In this case, the evidence clearly showed that Patterson had been shot with a gun and injured. Since respondent did not do the shooting, the inquiry focused on whether there was sufficient evidence (see In re R.T., 271 Ill. App. 3d 673, 679, 648 N.E.2d 1043 (1995) (R.T.) (“some evidence” in support of the criminal conduct charged is sufficient) to establish probable cause that respondent was accountable for the shooting.

A person is legally accountable for the criminal conduct of another when:

“Either before or during the commission of an offense, and with the intent to promote or facilitate such commission, he solicits, aids, abets, agrees or attempts to aid, such other person in the planning or commission of the offense.” 720 ILCS 5/5 — 2(c) (West 2000).
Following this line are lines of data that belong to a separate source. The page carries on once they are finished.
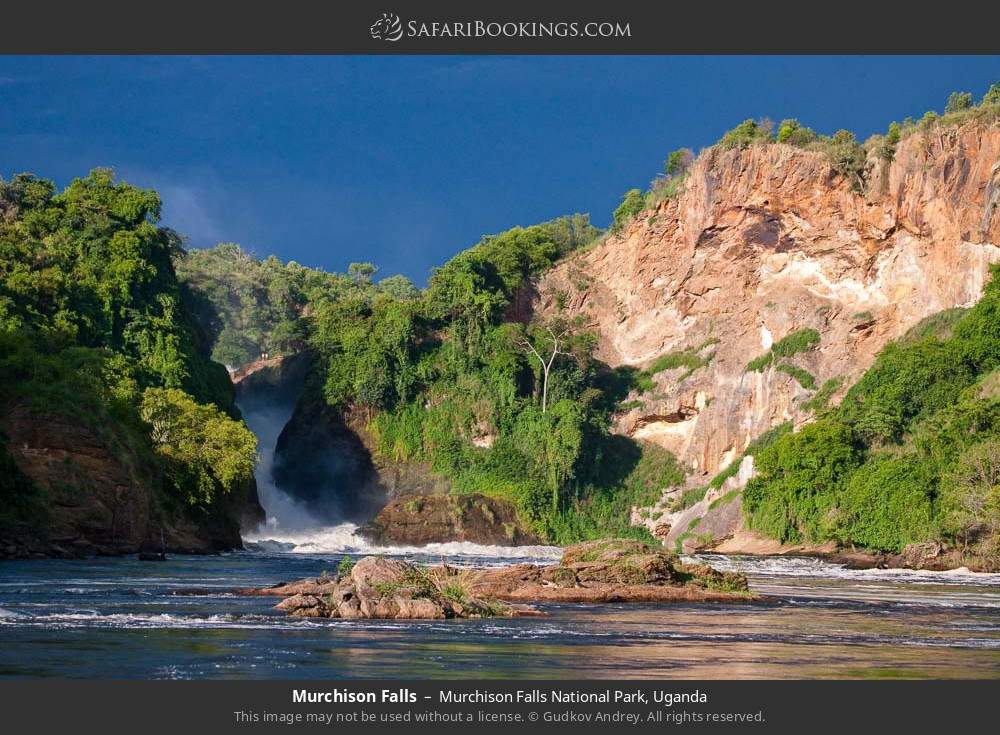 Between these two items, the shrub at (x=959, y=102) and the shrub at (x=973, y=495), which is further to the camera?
the shrub at (x=959, y=102)

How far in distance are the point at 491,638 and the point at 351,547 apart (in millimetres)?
49323

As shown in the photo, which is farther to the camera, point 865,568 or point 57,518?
point 865,568

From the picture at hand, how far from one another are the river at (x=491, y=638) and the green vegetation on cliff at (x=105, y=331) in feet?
54.7

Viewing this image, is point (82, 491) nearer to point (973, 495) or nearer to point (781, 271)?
point (973, 495)

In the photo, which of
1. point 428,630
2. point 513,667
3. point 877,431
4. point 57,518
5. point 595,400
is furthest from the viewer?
point 595,400

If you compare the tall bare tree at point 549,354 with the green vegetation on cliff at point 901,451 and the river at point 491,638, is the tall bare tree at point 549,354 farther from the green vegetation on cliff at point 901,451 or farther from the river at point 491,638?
the river at point 491,638

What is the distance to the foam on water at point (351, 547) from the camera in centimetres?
6575

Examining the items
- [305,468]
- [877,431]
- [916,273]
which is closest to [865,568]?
[877,431]

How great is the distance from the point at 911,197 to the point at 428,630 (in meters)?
58.2

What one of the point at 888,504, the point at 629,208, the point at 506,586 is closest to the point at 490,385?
the point at 629,208

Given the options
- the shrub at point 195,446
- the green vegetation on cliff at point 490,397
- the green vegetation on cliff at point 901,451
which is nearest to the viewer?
the green vegetation on cliff at point 901,451

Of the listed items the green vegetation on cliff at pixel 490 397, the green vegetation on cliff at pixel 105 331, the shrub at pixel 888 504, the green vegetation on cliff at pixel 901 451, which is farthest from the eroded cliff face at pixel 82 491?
the shrub at pixel 888 504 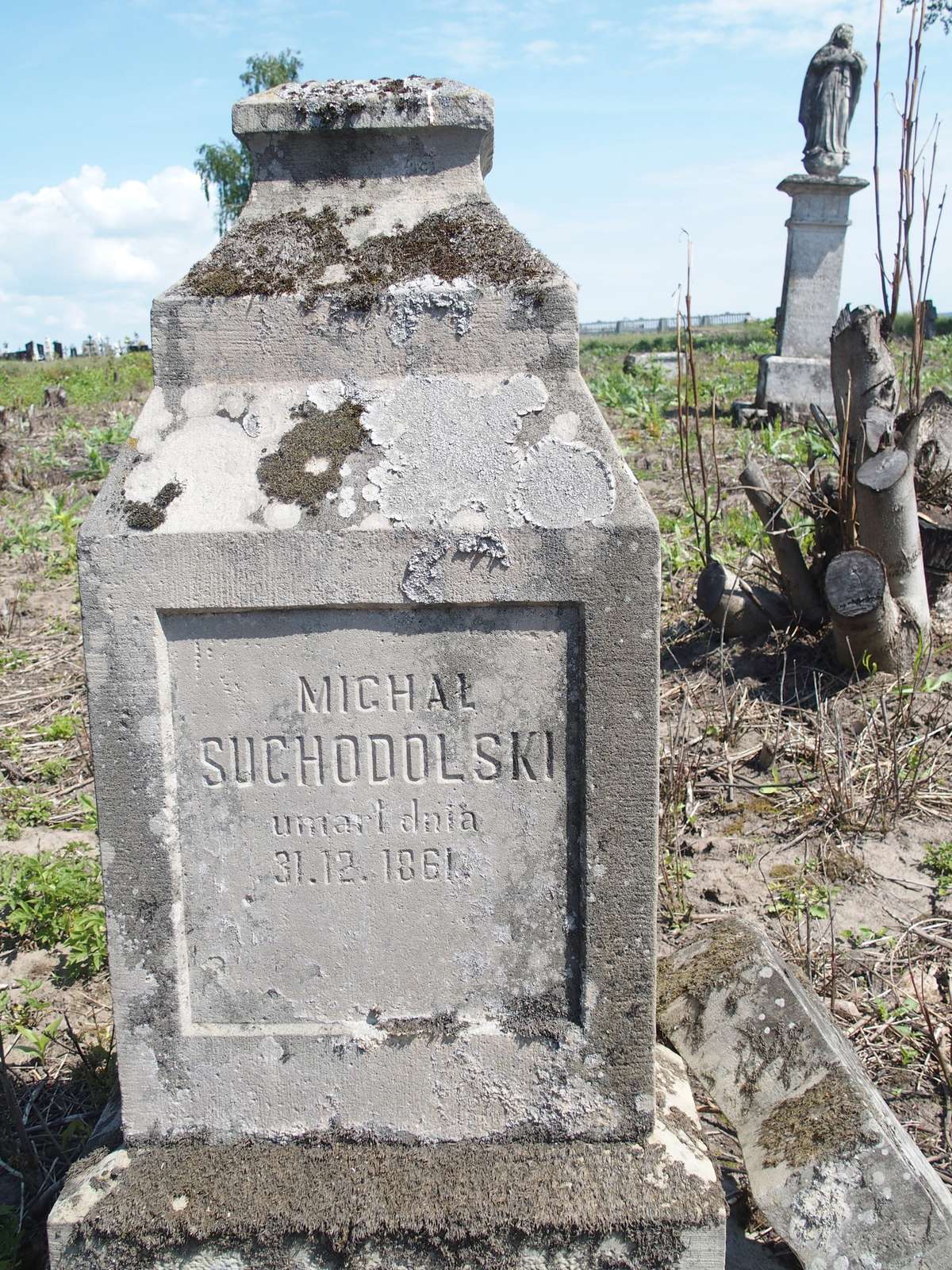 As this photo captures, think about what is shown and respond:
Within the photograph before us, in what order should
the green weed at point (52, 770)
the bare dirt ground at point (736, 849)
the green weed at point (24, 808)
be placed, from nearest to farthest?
the bare dirt ground at point (736, 849)
the green weed at point (24, 808)
the green weed at point (52, 770)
This section incorporates the common design rule, which provides that where two or more persons engage in a common criminal design or agreement, any acts committed by one person in the furtherance of it are considered to be the acts of all parties to the design or agreement and all are equally responsible for the consequences of the further acts. People v. Terry, 99 Ill. 2d 508, 460 N.E.2d 746 (1984). Evidence of the person’s involvement in a gang or gang-related activity is admissible to show common purpose or design provided that such membership or activity is related to the crime charged. People v. Jones, 259 Ill. App. 3d 905, 632 N.E.2d 293 (1994). Moreover, where the evidence indicates that the person was involved in the spontaneous acts of the group, the fact that the criminal acts were not committed pursuant to a preconceived plan is no defense. In re W.C., 167 Ill. 2d 307, 657 N.E.2d 908 (1995).
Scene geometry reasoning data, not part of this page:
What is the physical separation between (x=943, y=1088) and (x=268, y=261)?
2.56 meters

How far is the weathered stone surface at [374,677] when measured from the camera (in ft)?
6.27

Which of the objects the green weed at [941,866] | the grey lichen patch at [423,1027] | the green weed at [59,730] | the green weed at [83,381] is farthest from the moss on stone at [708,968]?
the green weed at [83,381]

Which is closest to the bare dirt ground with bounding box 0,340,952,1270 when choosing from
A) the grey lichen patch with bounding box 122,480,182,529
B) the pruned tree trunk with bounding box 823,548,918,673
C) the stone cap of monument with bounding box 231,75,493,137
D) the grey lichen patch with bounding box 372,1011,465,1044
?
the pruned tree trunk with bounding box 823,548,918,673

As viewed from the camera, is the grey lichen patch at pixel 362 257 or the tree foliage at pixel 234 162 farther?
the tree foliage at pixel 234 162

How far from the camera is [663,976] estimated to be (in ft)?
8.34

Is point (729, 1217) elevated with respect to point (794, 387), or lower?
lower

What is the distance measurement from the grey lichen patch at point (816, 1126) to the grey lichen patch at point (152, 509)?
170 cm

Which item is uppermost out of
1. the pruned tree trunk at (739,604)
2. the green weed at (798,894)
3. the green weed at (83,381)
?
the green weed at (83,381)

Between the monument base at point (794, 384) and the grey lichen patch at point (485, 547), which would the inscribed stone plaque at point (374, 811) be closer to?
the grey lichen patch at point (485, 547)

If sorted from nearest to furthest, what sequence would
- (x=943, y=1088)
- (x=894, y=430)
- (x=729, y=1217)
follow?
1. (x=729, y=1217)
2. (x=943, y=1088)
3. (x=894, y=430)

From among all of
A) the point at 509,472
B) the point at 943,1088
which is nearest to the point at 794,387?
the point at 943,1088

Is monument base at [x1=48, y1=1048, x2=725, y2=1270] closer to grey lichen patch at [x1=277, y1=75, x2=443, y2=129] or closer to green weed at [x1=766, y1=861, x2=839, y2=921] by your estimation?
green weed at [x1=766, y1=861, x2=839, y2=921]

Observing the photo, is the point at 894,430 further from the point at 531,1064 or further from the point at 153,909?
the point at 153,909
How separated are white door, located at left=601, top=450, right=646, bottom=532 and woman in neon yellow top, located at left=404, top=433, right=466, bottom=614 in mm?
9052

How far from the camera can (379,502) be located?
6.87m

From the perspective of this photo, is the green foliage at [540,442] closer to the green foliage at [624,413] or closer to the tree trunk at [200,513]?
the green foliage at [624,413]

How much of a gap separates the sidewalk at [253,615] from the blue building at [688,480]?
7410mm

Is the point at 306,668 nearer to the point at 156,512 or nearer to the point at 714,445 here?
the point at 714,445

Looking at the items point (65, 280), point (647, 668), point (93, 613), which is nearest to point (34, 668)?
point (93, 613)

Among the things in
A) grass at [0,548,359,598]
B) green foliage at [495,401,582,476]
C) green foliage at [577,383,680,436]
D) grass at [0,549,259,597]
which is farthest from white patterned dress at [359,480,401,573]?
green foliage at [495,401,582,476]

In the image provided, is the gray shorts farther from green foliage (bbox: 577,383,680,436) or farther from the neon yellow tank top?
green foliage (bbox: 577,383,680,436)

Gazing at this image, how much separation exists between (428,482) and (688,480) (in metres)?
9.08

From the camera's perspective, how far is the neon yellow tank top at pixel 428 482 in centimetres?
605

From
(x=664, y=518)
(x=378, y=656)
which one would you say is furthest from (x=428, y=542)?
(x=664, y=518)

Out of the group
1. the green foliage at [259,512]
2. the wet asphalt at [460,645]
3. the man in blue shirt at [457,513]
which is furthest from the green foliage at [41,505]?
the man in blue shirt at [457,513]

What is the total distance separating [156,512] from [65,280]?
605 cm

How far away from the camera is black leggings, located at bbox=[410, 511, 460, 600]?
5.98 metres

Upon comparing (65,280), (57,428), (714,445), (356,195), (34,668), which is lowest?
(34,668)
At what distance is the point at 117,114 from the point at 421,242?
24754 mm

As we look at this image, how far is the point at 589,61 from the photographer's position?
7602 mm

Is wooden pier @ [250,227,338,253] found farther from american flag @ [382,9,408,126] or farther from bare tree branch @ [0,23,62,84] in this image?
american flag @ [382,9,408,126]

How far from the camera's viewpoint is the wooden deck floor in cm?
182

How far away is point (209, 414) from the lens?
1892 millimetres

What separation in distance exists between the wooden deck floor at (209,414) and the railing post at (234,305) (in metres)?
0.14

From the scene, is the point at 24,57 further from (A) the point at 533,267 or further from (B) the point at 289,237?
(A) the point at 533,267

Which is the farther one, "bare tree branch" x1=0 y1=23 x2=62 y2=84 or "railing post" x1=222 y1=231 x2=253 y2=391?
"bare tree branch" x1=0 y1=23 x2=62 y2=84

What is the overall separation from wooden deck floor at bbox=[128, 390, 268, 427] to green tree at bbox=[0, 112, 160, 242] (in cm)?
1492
The evidence presented at the transfer hearing showed that respondent told police that he was a member of the Blackstone street gang and on the night in question was with Cory Robinson and Cameo Johnson. He also admitted that he knew Cameo was carrying a “nation” gun for protection against rival gang members who might be in the area in which they were walking. See People v. Brown, 249 Ill. App. 3d 986, 670 N.E.2d 1090 (1993). Other evidence showed that respondent confronted Sneed and Weasle with gang slogans identified with the Blackstone street gang and threatened to kick Sneed’s “ass” when he left the store.

*952Respondent then confronted Patterson with threats to air or shoot the place out and physically harm Patterson. As he talked, respondent reportedly made continuous motions towards his pocket, as did his companions, who also began to surround Patterson and his friends. Respondent then took off his hat and made a quick motion towards Patterson as if he was going to throw a punch. Patterson, however, punched respondent first, knocking him to the ground. At that point, Cameo pulled out a revolver and fired two shots at Patterson.
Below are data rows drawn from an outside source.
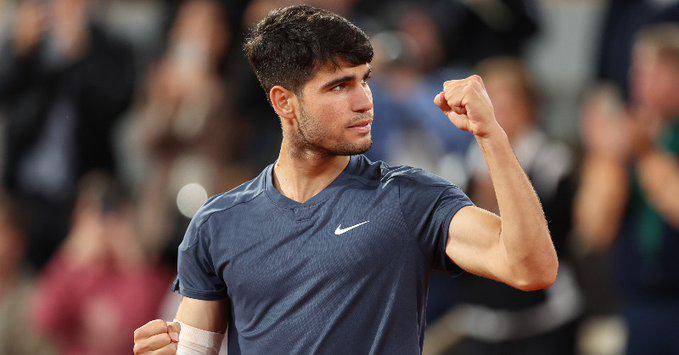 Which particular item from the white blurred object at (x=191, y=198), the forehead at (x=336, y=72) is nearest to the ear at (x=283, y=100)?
the forehead at (x=336, y=72)

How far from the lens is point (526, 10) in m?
7.32

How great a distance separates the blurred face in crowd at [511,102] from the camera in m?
6.28

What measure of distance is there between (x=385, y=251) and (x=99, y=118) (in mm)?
5162

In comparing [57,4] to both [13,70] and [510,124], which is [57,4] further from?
[510,124]

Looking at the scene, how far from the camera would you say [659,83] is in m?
5.70

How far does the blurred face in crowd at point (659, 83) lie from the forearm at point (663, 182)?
0.99ft

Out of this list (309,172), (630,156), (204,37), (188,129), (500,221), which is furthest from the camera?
(204,37)

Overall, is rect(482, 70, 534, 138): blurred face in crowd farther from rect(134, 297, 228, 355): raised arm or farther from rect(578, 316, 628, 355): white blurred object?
rect(134, 297, 228, 355): raised arm

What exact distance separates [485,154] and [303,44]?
645mm

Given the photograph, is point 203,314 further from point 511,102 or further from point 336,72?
point 511,102

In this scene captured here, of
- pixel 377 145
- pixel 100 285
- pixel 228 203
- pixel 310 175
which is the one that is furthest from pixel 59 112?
pixel 310 175

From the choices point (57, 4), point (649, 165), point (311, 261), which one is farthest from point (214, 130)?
point (311, 261)

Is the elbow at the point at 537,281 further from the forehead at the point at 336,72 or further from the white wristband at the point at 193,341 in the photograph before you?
the white wristband at the point at 193,341

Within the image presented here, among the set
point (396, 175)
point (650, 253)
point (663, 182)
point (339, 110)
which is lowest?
point (650, 253) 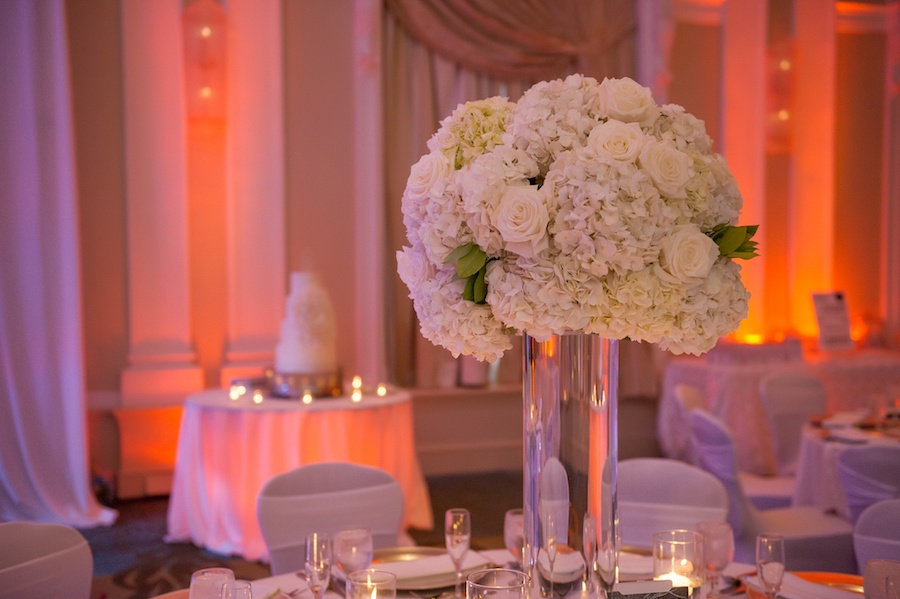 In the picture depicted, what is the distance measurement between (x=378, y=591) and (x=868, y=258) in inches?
309

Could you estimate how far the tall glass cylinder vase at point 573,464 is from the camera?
57.2 inches

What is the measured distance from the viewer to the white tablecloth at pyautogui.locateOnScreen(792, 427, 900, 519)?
376 centimetres

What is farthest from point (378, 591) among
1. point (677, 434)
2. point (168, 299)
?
point (677, 434)

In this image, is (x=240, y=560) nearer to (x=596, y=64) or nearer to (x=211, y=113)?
(x=211, y=113)

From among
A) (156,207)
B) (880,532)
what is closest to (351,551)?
(880,532)

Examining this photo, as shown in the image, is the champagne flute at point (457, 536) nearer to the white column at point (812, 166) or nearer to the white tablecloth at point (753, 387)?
the white tablecloth at point (753, 387)

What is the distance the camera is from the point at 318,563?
176 cm

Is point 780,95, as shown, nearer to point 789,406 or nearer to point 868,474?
point 789,406

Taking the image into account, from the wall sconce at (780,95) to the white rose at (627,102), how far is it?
687cm

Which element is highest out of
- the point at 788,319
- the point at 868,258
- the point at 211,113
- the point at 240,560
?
the point at 211,113

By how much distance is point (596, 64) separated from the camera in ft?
23.3

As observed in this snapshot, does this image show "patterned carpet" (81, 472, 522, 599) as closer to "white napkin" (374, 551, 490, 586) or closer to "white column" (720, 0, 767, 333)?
"white napkin" (374, 551, 490, 586)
Although mere presence at the scene of an offense does not render one accountable (People v. Taylor, 164 Ill. 2d 131, 646 N.E.2d 567 (1995)), the evidence in this case shows that respondent was not only present, but with knowledge that his companion was armed against an encounter with rival gang members, initiated such contact with Patterson and his companions using provocative gang slogans and threats of physical harm. Through these actions and his feigned movement toward Patterson, he created the situation that led to the physical contact and the shooting. See People v. Eubanks, 283 Ill. App. 3d 12, 669 N.E.2d 678 (1996). The composite activity also evidenced a community of unlawful purpose to render him accountable for the criminal acts charged. People v. Torres, 100 Ill. App. 3d 931, 427 N.E.2d 329 (1981).

The State presented sufficient evidence to establish probable cause to believe that respondent was accountable for the charged offenses. The circuit court abused its discretion in denying the State’s motion to transfer based on its ruling that there was no probable cause. R.T., 271 Ill. App. 3d at 679.

For the reasons set forth above, the circuit court’s order is reversed and the cause is remanded for further proceedings consistent with section 5 — 805(2)(b).

Reversed and remanded.

THEIS, EJ., and KARNEZIS, J., concur.